-- DATASET EXCERPT follows --
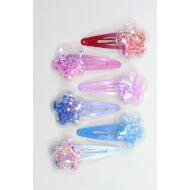 RANA 5 CENTIMETROS FLOR TRANSPARENTE PURPURINA ESTRELLITAS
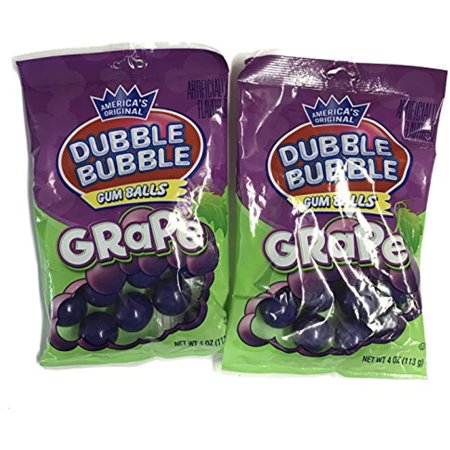 Dubble Bubble Gum Balls Grape Flavor - 2 Packs of 4 Oz. Each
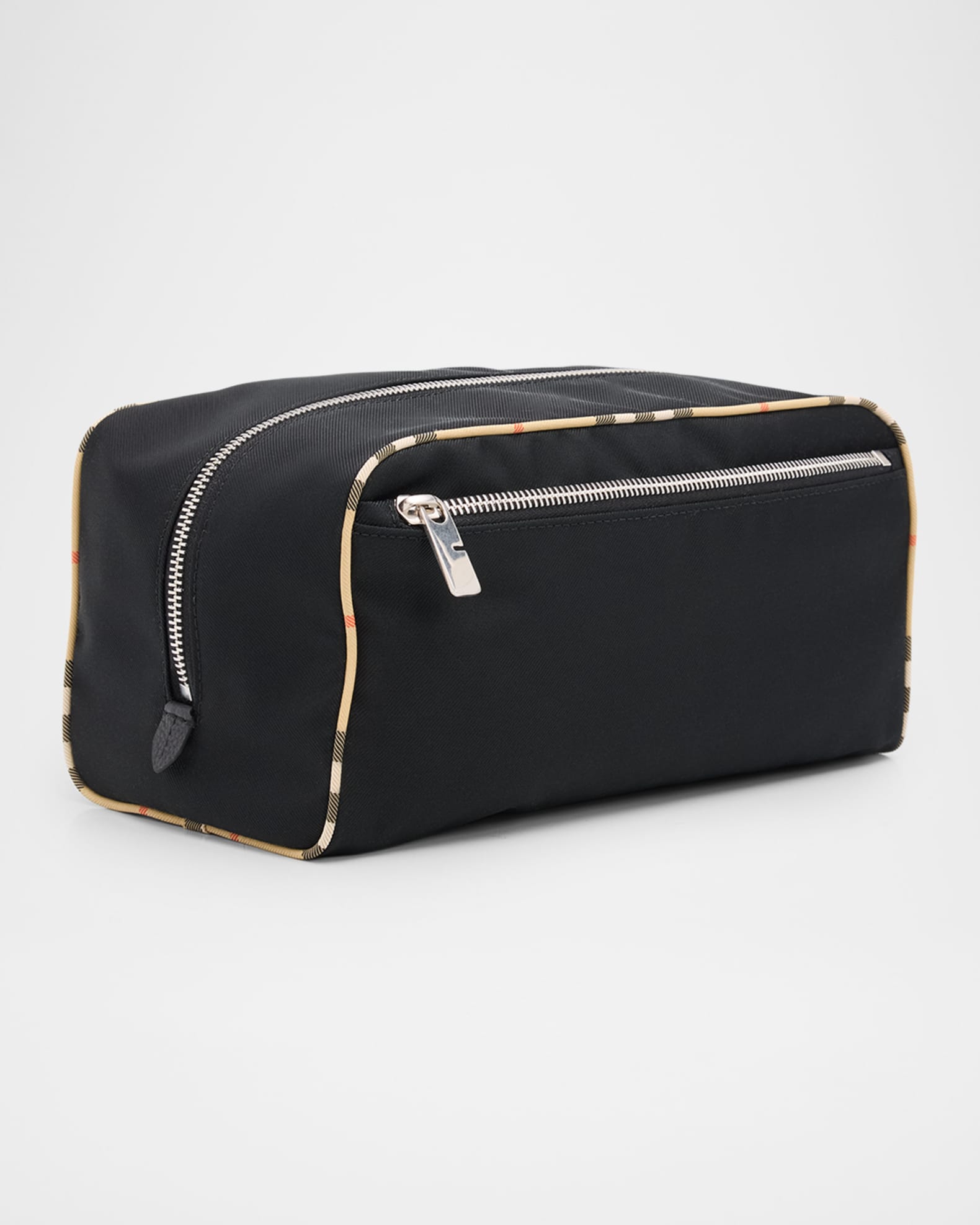 Burberry Men's Medium Check-Trim Travel Zip Pouch | Neiman Marcus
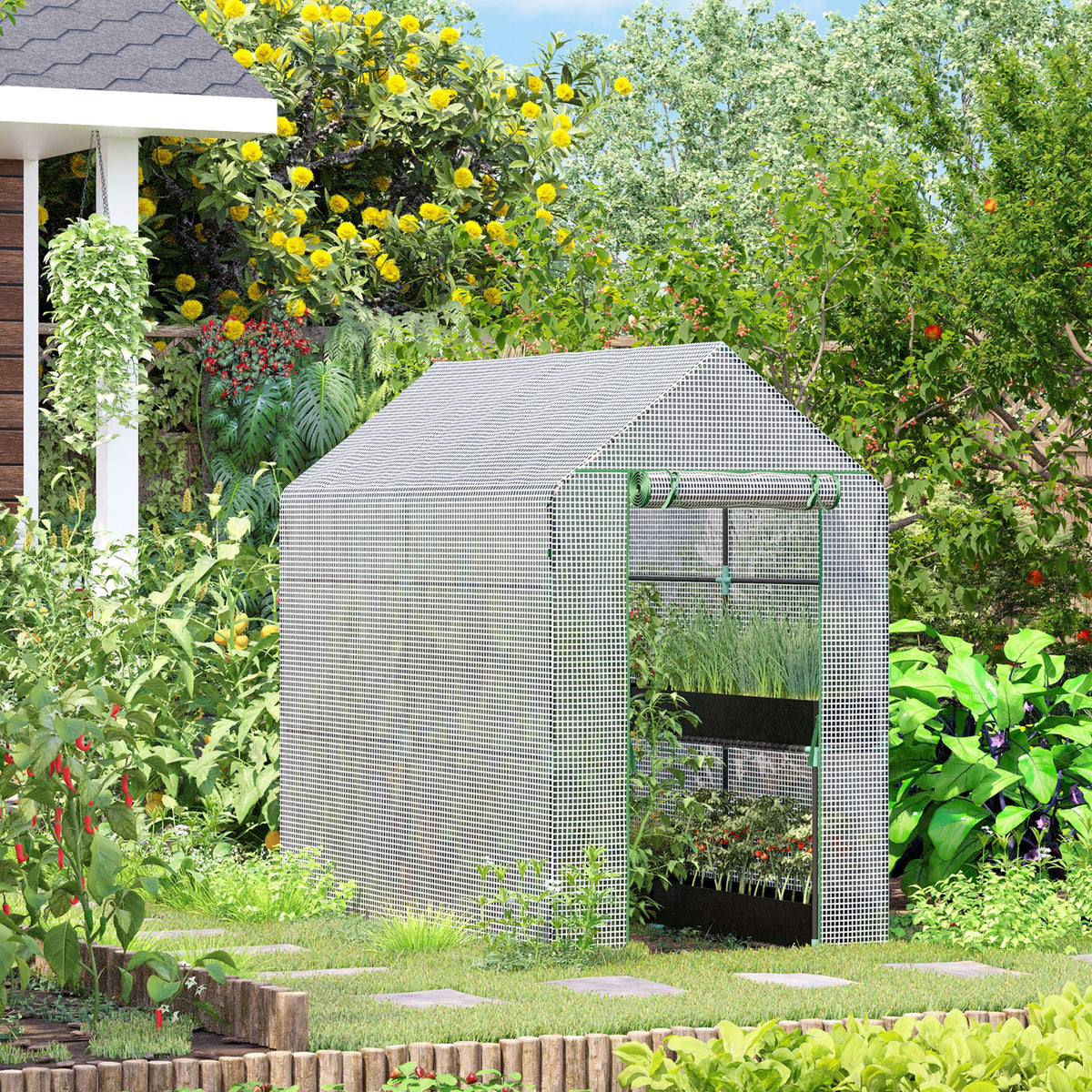 73" x 47" x 75" Walk-in Greenhouse Outdoor Portable Plant Flower Growth Warm House Garden Tunnel Shed – view 6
-- DATASET EXCERPT concluded --
**TO DO:** Copy out nothing but text: transcribe the listing exactly and skip each picture.

**WRITTEN ANSWER:**
 RANA 5 CENTIMETROS FLOR TRANSPARENTE PURPURINA ESTRELLITAS
 Dubble Bubble Gum Balls Grape Flavor - 2 Packs of 4 Oz. Each
 Burberry Men's Medium Check-Trim Travel Zip Pouch | Neiman Marcus
 73" x 47" x 75" Walk-in Greenhouse Outdoor Portable Plant Flower Growth Warm House Garden Tunnel Shed – view 6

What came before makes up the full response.